• **Work to be completed**:
Locate "JEEP COMMANDER" in the data below, then output the line it is on and all following lines through the last, word for word. Skip any pictures.

★ ★ ★ ★ ★ ★ ★

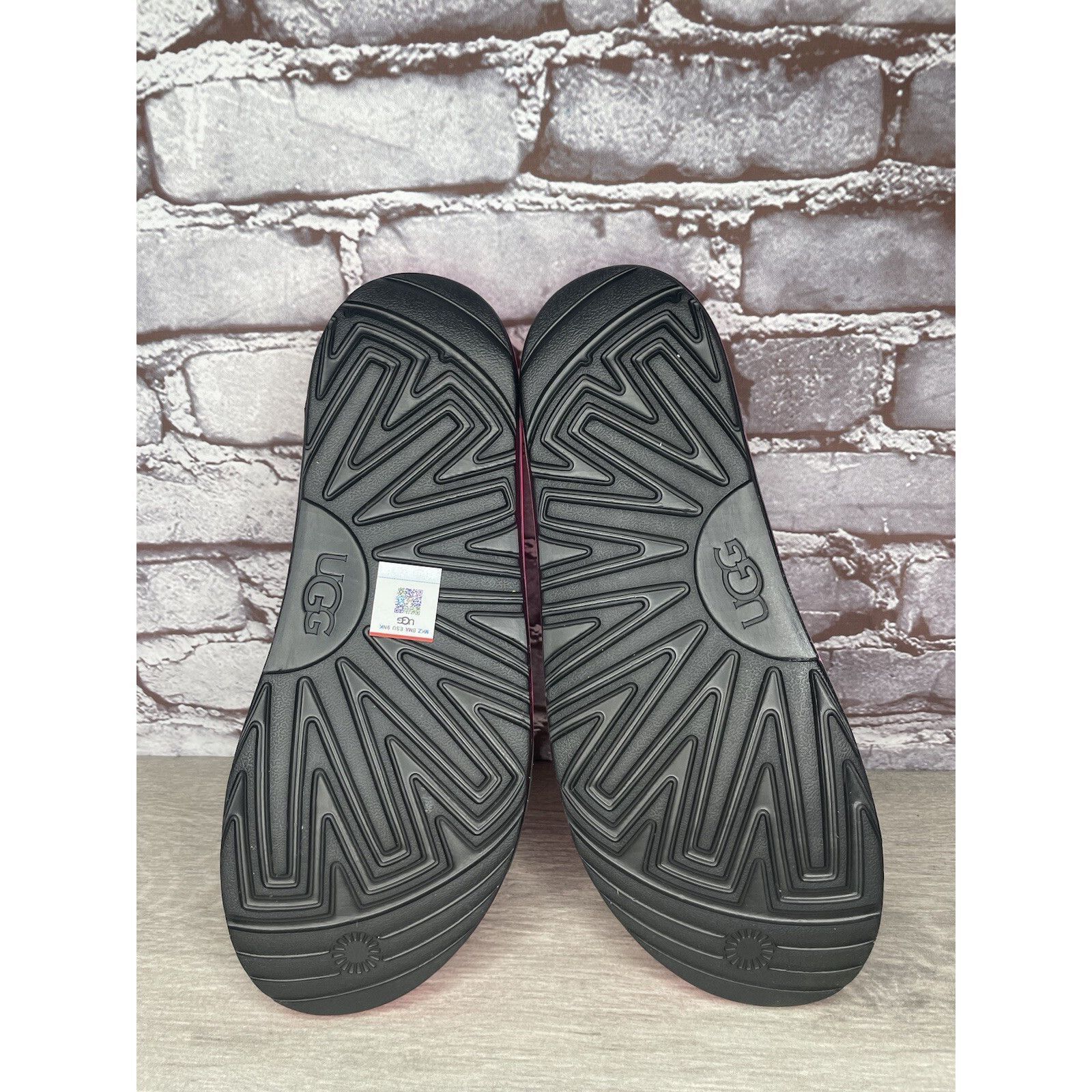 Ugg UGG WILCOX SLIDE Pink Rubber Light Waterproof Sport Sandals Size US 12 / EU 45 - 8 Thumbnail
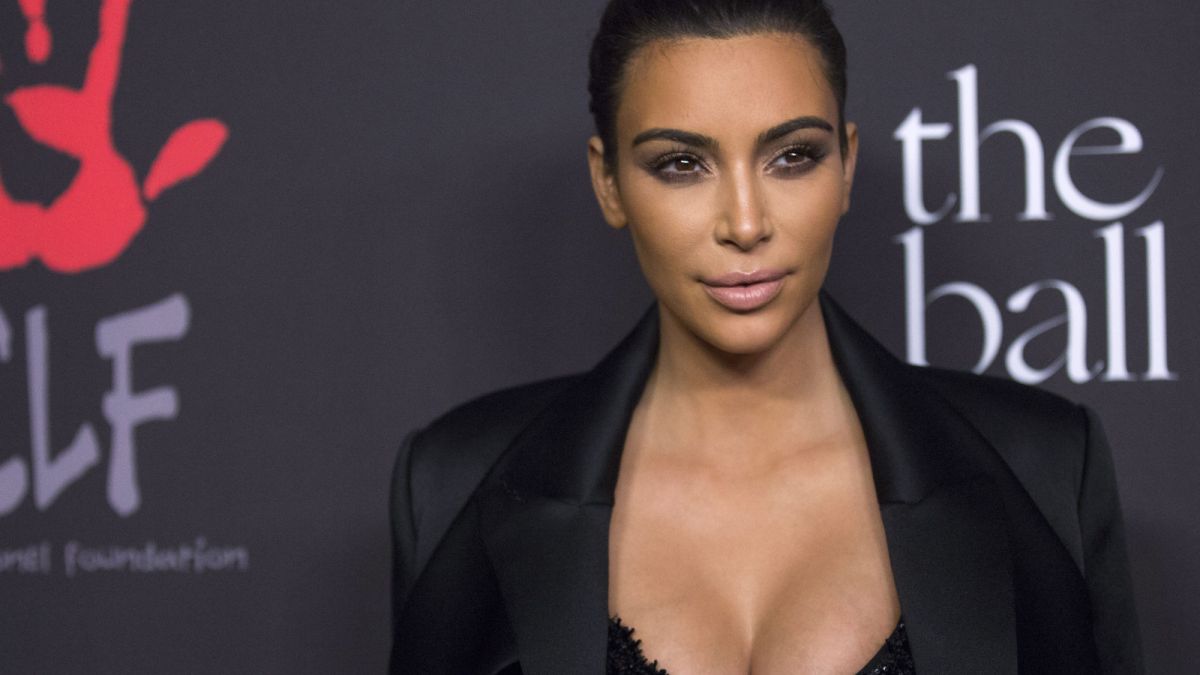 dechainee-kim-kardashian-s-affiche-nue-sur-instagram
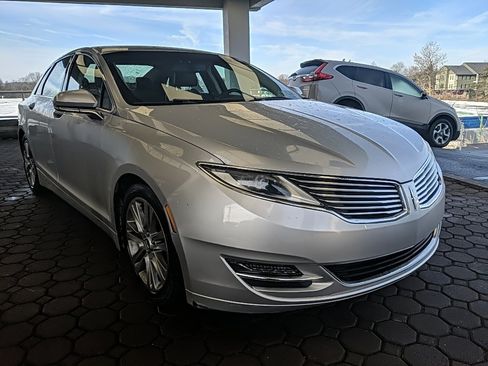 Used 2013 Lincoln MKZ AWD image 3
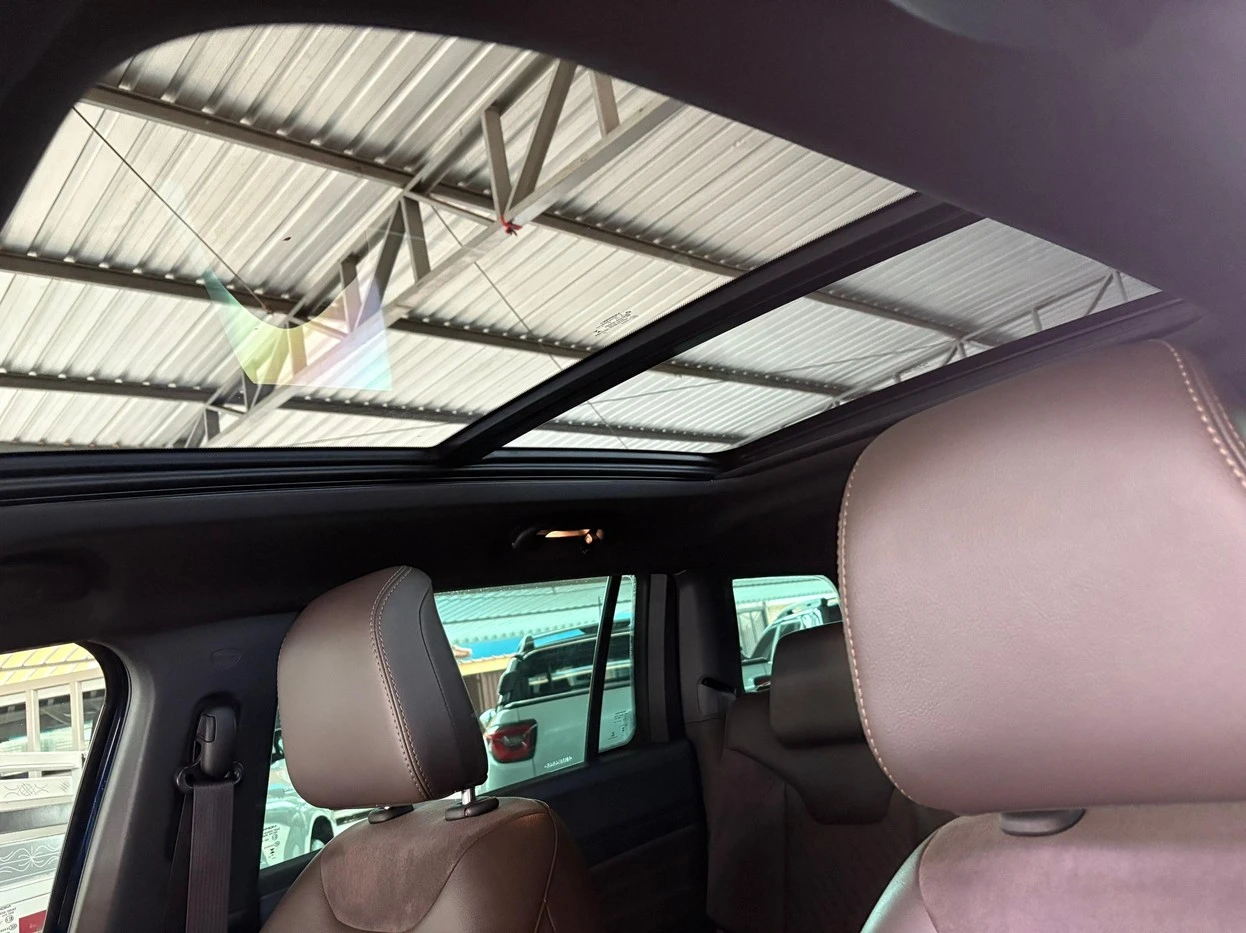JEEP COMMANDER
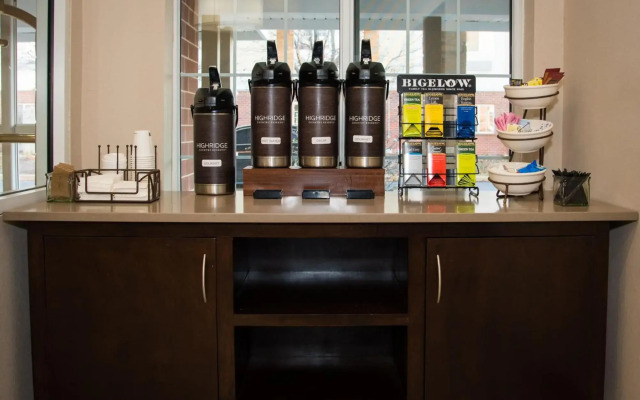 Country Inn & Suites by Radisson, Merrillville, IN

★ ★ ★ ★ ★ ★ ★

• **Answer to this exercise**:
JEEP COMMANDER
 Country Inn & Suites by Radisson, Merrillville, IN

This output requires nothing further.